→ TASK DESCRIPTION: Please print, exactly, only the lines in the entries below from the line that has "23 Farrell St, Long Beach, NY 11561" through the line that has "Used 2024 Audi". Pictures don't go in.

→ EXTRACTED INFORMATION:
---

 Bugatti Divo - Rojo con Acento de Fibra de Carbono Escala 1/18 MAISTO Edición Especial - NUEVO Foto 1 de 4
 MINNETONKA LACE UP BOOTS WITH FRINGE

---

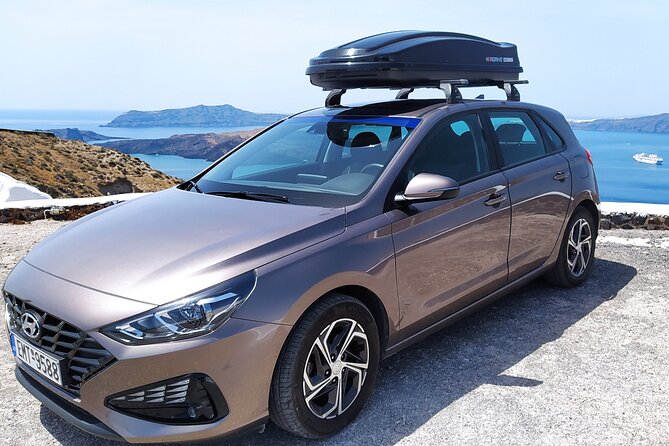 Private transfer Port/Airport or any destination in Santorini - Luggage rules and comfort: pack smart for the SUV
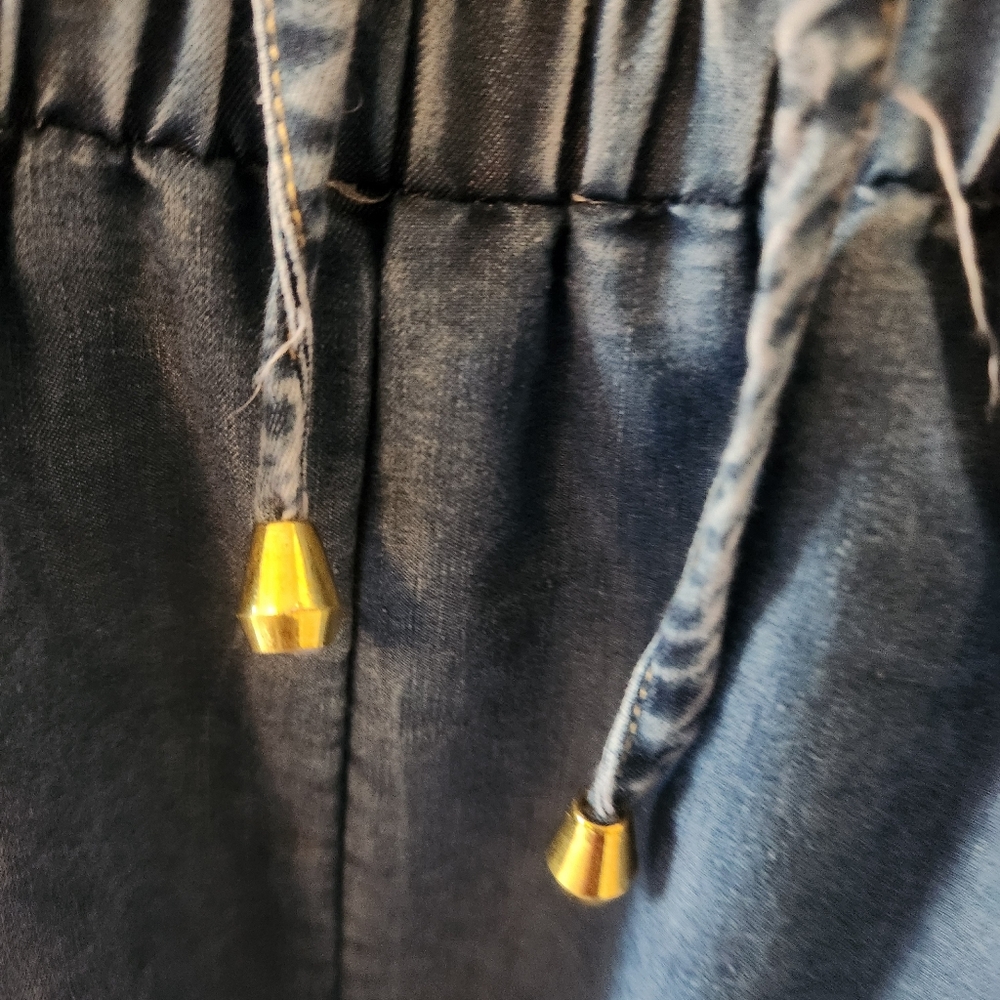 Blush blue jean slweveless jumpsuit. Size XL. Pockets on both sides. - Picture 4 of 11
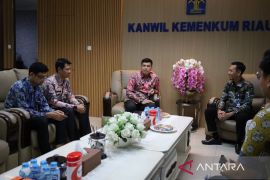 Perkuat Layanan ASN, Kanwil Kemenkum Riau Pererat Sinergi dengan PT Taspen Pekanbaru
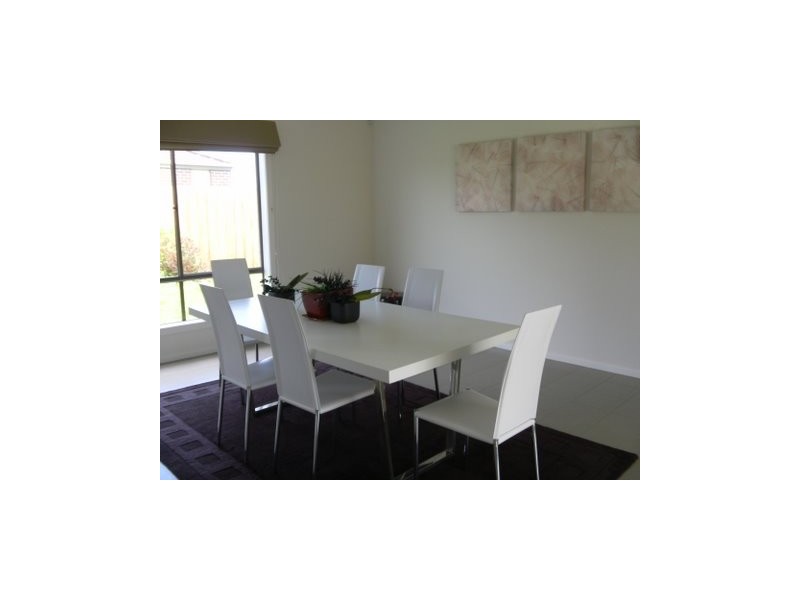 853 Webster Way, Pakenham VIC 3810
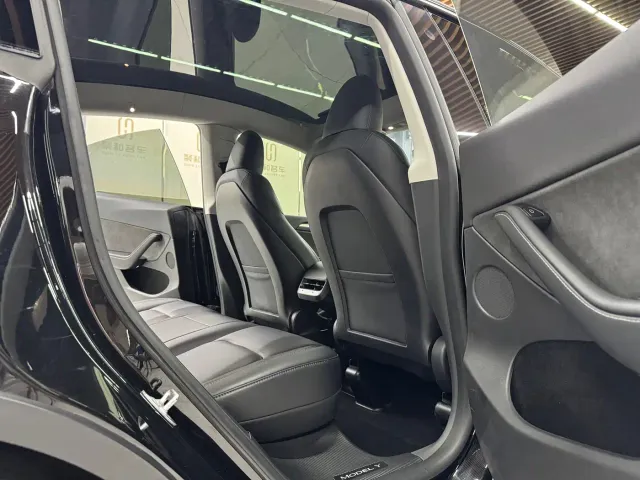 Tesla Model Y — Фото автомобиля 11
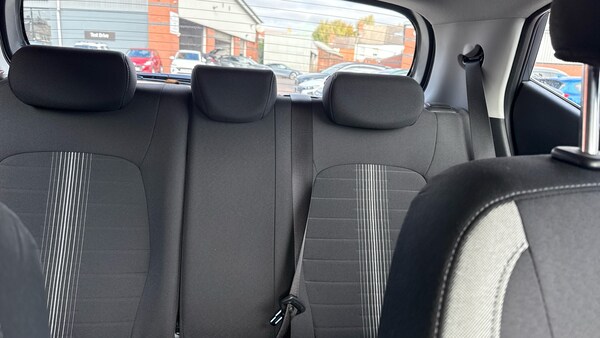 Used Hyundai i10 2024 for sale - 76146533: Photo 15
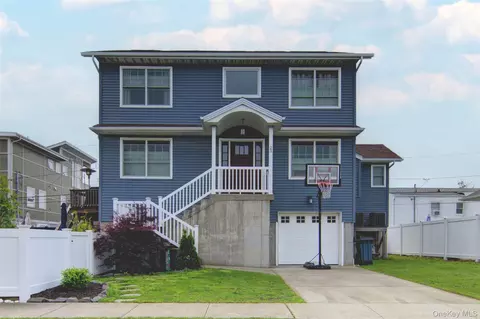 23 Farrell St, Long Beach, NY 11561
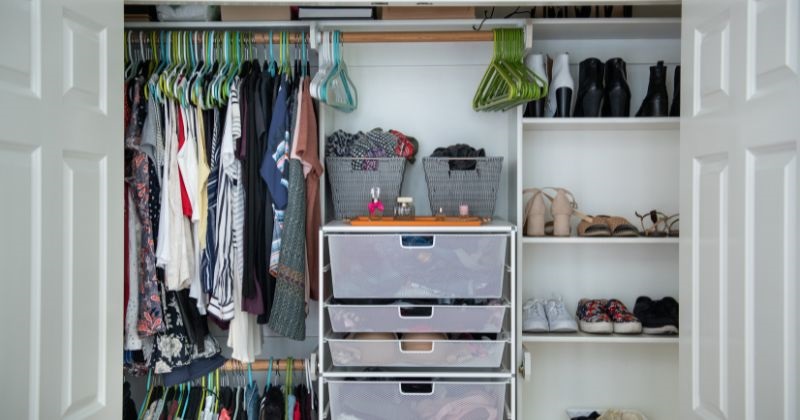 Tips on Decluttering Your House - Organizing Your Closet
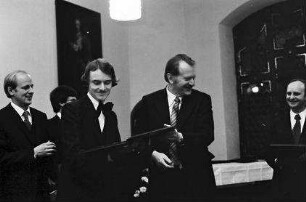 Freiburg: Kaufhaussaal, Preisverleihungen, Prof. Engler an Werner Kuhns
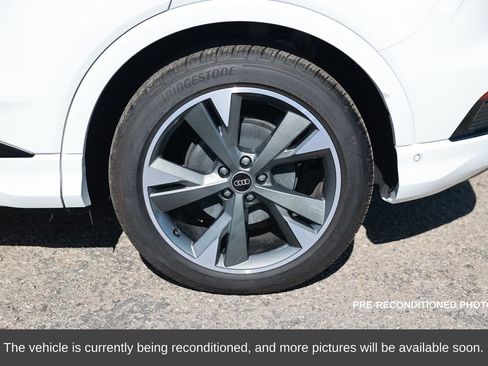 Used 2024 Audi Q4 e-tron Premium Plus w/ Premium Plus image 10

---

→ TASK OUTPUT:
 23 Farrell St, Long Beach, NY 11561
 Tips on Decluttering Your House - Organizing Your Closet
 Freiburg: Kaufhaussaal, Preisverleihungen, Prof. Engler an Werner Kuhns
 Used 2024 Audi Q4 e-tron Premium Plus w/ Premium Plus image 10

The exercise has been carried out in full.